On est pareil à un jeune enfant qui s’enchante des premières images que le monde lui adresse, un ravissement se dessine derrière les yeux, envahit avec bonheur la chair disponible, infiniment disponible à l’accueil du vent, de l’oiseau, de l’immense flaque d’eau qui réverbère la touche légère des nuages. Un seul mot alors vient à l’esprit, ‘harmonie’ et tous les soucis s’effacent comme par l’effet d’une généreuse magie. De lourds pieux de bois sont enfoncés parmi le peuple des pierres qui parsèment l’estran. Ils ressemblent à une rangée de gardiens débonnaires chargés de protéger l’île des assauts de la mer lors des marées d’équinoxe. J’imagine la furie des tempêtes, j’en ressens en moi la tonnante énergie, j’en perçois l’écho lointain, il résonne jusque dans les abysses peuplés d’étranges animaux marins aux yeux soudés de cécité. C’est étrange tout de même la force de l’imaginaire, on est ici et ailleurs en même temps. On est dans le calme le plus pur qui se puisse imaginer et l’on est, simultanément auprès de ces étranges dramaturgies qui animent le mystère des océans.
Soir dans la chaumière
J’ai beaucoup marché aujourd’hui, un peu au hasard des chemins. M’éloignant de la côte, parcourant l’espèce d’immense steppe qui constitue le pays intérieur. J’ai longtemps rêvé, assis sur un talus d’herbe entre la haute lumière du ciel et les tourbes noires dont, parfois, j’ai aperçu les briques régulières exposées au vent. Les autochtones les laissent sécher longuement, elles seront le combustible d’hiver, rougeoyant au cœur d’un vieux poêle, réchauffant les mains et donnant au corps quelque vigueur que le froid leur aurait ôtée. Dans ce paysage si paisible, hors du monde et de ses habituelles tracasseries, tout se donne dans une belle simplicité. L’eau du lac est claire, ourlée d’un gris bleuté qui rassure l’âme. Des touffes de roseaux, hésitant entre blé et sable, illuminent les rives. Des cabanes de bois, ici et là, couvertes d’une toile de bitume, le tuyau émergeant du toit indiquant la présence d’un feu, en automne, après la journée de pêche. Comme à l’accoutumée, désormais, j’ai allumé un feu. Les braises sont vives qui réchauffent.
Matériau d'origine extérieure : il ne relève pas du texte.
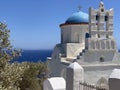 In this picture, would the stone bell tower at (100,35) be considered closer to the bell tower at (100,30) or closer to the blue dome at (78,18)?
the bell tower at (100,30)

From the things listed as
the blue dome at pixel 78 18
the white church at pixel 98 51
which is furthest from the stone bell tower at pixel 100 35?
the blue dome at pixel 78 18

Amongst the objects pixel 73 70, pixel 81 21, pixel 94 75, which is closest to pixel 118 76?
pixel 73 70

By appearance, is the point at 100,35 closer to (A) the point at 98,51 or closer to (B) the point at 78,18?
(A) the point at 98,51

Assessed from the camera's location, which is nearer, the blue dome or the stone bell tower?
the stone bell tower

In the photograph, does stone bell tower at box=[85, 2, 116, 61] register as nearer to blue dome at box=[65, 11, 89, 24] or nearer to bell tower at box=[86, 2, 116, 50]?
bell tower at box=[86, 2, 116, 50]

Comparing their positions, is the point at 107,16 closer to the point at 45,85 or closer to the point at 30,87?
the point at 30,87

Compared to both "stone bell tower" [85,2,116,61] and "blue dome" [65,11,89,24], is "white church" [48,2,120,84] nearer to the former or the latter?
"stone bell tower" [85,2,116,61]

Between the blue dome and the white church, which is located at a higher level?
the blue dome

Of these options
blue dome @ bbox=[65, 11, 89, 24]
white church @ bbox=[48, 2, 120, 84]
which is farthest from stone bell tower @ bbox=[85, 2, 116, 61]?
blue dome @ bbox=[65, 11, 89, 24]

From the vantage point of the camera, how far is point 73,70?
26.0ft

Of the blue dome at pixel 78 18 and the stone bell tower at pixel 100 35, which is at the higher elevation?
the blue dome at pixel 78 18

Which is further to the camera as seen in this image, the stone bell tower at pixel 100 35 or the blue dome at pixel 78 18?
the blue dome at pixel 78 18

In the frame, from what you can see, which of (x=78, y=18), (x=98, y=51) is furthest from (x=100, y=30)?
(x=78, y=18)

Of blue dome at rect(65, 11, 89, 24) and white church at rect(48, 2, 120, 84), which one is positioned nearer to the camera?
white church at rect(48, 2, 120, 84)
Je feuillette un livre que j’ai emporté sur les œuvres du peintre romantique Caspar David Friedrich. Des images de rêve dont je ne me lasse jamais. Son ‘Lever de lune sur la mer’ avec ses quatre personnages mystérieux, genres de spectres dont nul ne sait s’ils sont vivants, s’ils se sont cristallisés, tout à la contemplation du paysage qui paraît les fasciner ; sa ‘Mer de glace’, ses blocs tranchants, ses lourdes congères sur laquelle rebondit une étrange clarté et, bien sûr, cette reproduction dont, à l’instant, j’emplis mes yeux avec un plaisir infini, ses ’Falaises de craie sur l’Île de Rügen’. Image accomplie du romantisme en peinture, traduction picturale du sublime que personne, jusqu’à présent, n’a pu ou su égaler. De part et d’autre du tableau, deux personnages, un homme et une femme, sont totalement livrés à une profonde méditation liée à l’étrange beauté de la Nature. Des falaises intensément lumineuses, découpées, des pointes et des dents se détachent sur un fond d’eau à la teinte indéfinissable, légèrement parme au loin, avec des lents dégradés de bleu-gris, de bleus-jaunes au plus près.
Des arbres majestueux occupent la partie supérieure du tableau mais sans l’alourdir, tellement leur présence est discrète, leurs feuilles un simple poudroiement dans l’air léger. Ramures des arbres et falaises concourent à délimiter un espace pareil à une scène de théâtre, ce qui, bien entendu, accentue la dramaturgie qui est l’un des caractères singuliers de l’art romantique. Il s’agit d’émouvoir et de transporter le spectateur en un lieu de félicité, de créer une tension entre son enchantement et son désespoir supposé si cette scène était ôtée soudain de ses yeux. Les personnages en habits de ville donnent l’impression d’appartenir à une classe bourgeoise ce qui, sans doute, dans l’esprit du Peintre, renforçait cette idée d’un spectacle raffiné, délicat, un luxe en renforçant un autre.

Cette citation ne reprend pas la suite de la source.